Last night I tried out Opus 4.6 on a personal project involving animating in Gaussian Splats where the final result is output as a video.
In the past, AI coding agents could usually reason about the code well enough that they had a good chance of success, but I’d have to manually test since they were bad at “seeing” the output and characterizing it in a way that allowed them to debug if things went wrong, and they would never ever check visual outputs unless I forced them to (probably because it didn’t work well during RL training).
Opus 4.6 correctly reasoned (on its own, I didn’t even think to prompt this) that it could “test” the output by grabbing the first, middle and last frame, and observing that the first frame should be empty, the middle frame half full of details, and the final frame resembling the input image. That alone wouldn’t have impressed me that much, but it actually found and fixed a bug based on visual observation of a blurry final frame (we hadn’t run the NeRF training for enough iterations).

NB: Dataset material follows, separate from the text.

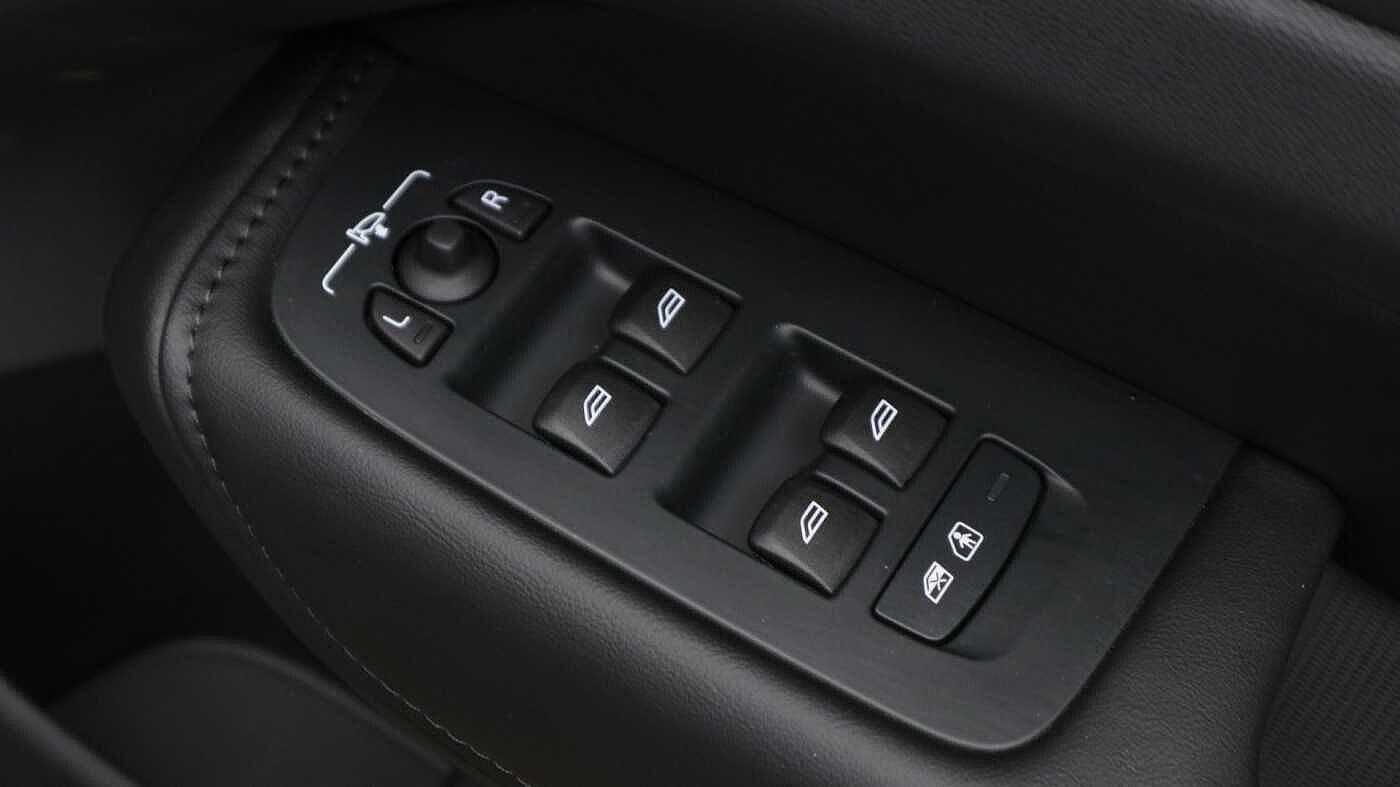 Used Volvo XC60 2024 for sale - 76179706: Photo 25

In a sense this is an incremental improvement in the model’s capabilities. But in terms of what I can now use this model for, it’s huge. Previous models struggled at tokenizing/interpreting images beyond describing the contents in semantic terms, so they couldn’t iterate based on visual feedback when the contents were abstract or broken in an unusual way. The fact that they can do this now means I can set them on tasks like this unaided and have a reasonable probability that they’ll be able to troubleshoot their own issues.
I understand your exhaustion at all the breathless enthusiasm, but every new models radically changes the game for another subset of users/tasks. You’re going to keep hearing that counterargument for a long time, and the worst part is, it’s going to be true even if it’s annoying.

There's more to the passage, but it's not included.